Volume 713: debated on Monday 26 October 2009


My right honourable friend the Secretary of State for Children, Schools and Families (Ed Balls) has made the following Written Ministerial Statement.

Today I will be launching a new strategy to transform information, advice and guidance (IAG) for young people.

Quality, Choice and Aspiration sets out our plans to deliver 21st-century IAG that reflects what young people tell us they want and is more accessible and relevant, reflecting a rapidly changing economy. In line with our plans to raise the participation age to 18, our strategy will set out our ambition for every young person to receive careers education to 18. The reforms that we are setting out today will make sure that every young person, whatever their background, can aim for the top.

Raising the quality of IAG requires a new approach, one that brings together young people, those working in business and older peers, because they are often best placed to provide an understanding of all the different types of jobs that young people might aspire to and the qualifications that they will need to fulfil their ambitions.

Children begin to think about their future careers at an early age, so our strategy will support schools and parents working together to nurture the aspirations of children and develop their strengths, whether they are practical, academic or both.

This generation of young people look to the internet for knowledge in most areas. This strategy signals a step change in online advice and guidance, so young people are able to access IAG on Facebook, YouTube, blogs and other social networking sites.

Reflecting our approach to 21st century IAG, the strategy will include a number of new proposals:

piloting approaches to teaching about careers in primary school and plans for primary schools to work with universities to give younger pupils an experience of higher education and the wider world of work;

provide support and resource for schools and parents to engage with young people from an early age to talk about career opportunities;

the ambition that every young person have access to a mentor—two new national mentoring champions will help to increase mentoring opportunities between schools, businesses and higher education;

more help for disadvantaged and disabled young people in accessing work experience so that all young people—regardless of their background, ethnicity or gender—can realise their full potential; and

a £10 million fund to support innovative ways of delivering careers education.

This strategy has been informed and influenced by the important report Fair Access to the Professions by Alan Milburn and his panel, which was published this summer.
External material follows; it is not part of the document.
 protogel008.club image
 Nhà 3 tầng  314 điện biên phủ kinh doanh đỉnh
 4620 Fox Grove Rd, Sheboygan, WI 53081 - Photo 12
The plans outlined today build on Milburn’s report and take forward the majority of the recommendations relevant to IAG.

Now more than ever young people need access to good IAG. This strategy sets out our vision. It puts in place the building blocks for an IAG system that gives every young person the high-quality support that they need to release their talents, thus setting them on the path to success.

I am placing a copy of the strategy in the Libraries of both Houses.